##### Dataset extract #####

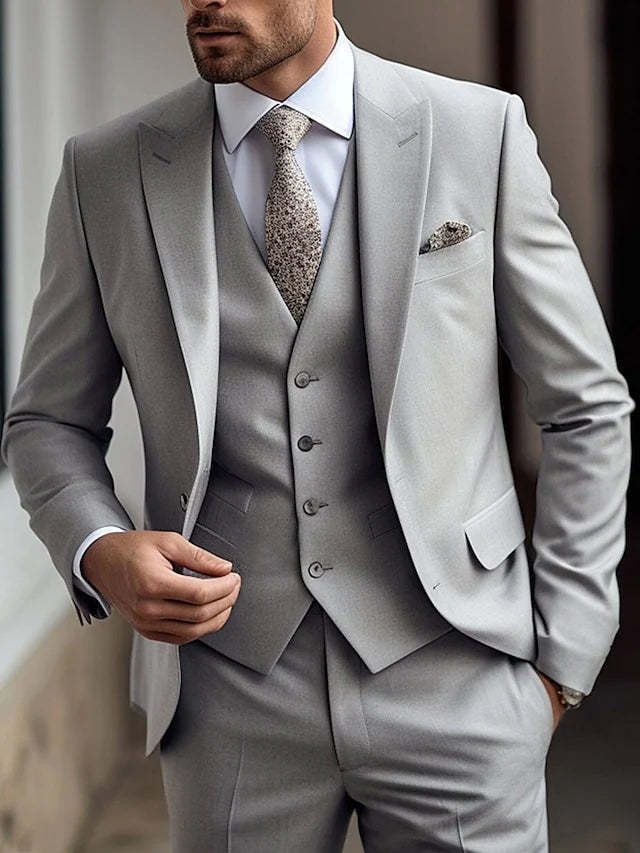 Three Piece Single Breasted Two Button Wedding Suit For Men Tailored Fit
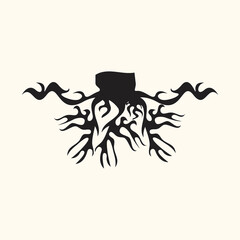 Vector Root of an Underground creative Tree. Tree Root Icon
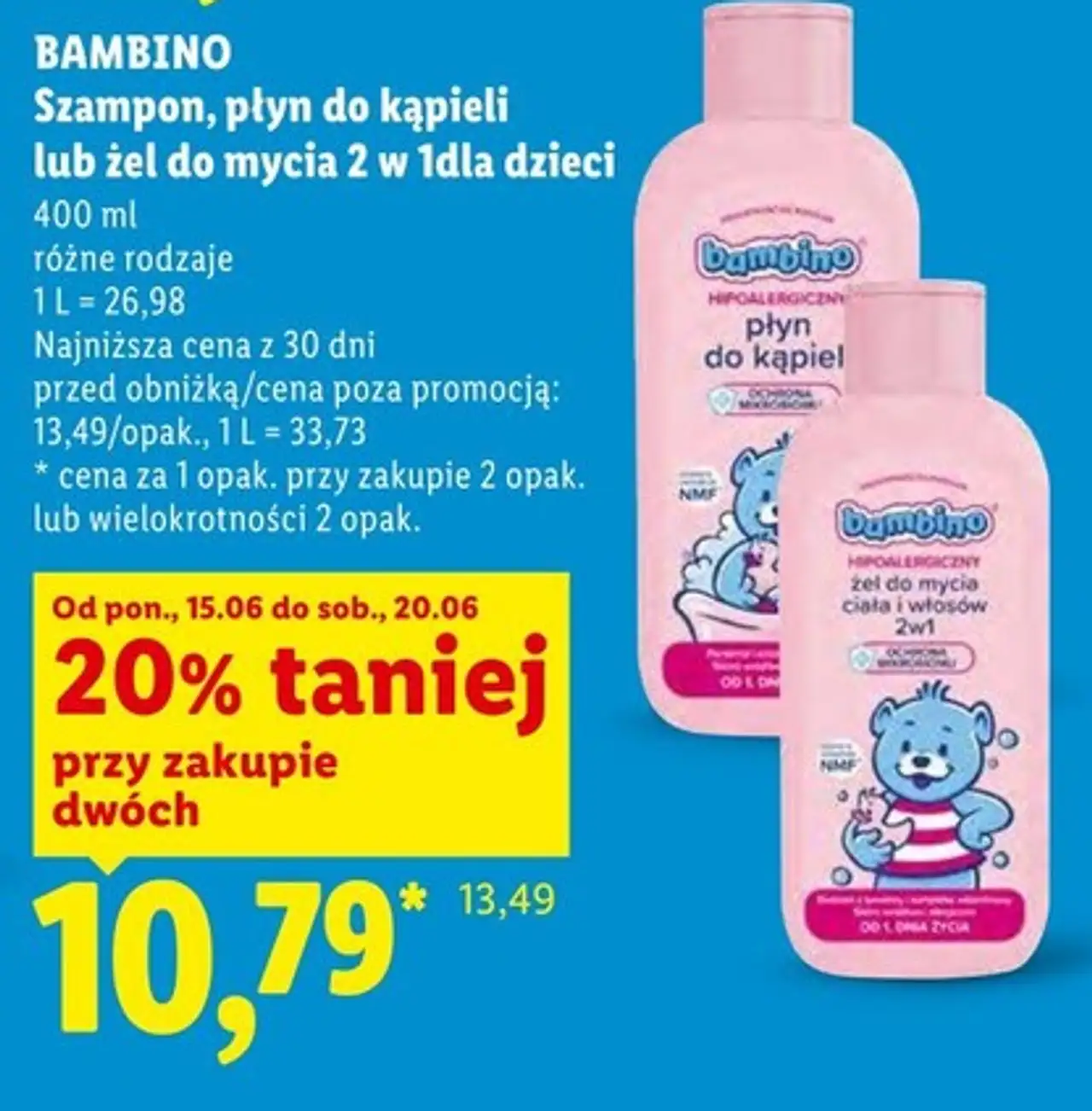BAMBINO Szampon, płyn do kąpieli lub żel do mycia 2 w 1 dla dzieci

#####

• What you are asked to do
Retype the listing above exactly. Pictures are not part of the copy.

• Reply
 Three Piece Single Breasted Two Button Wedding Suit For Men Tailored Fit
 Vector Root of an Underground creative Tree. Tree Root Icon
BAMBINO Szampon, płyn do kąpieli lub żel do mycia 2 w 1 dla dzieci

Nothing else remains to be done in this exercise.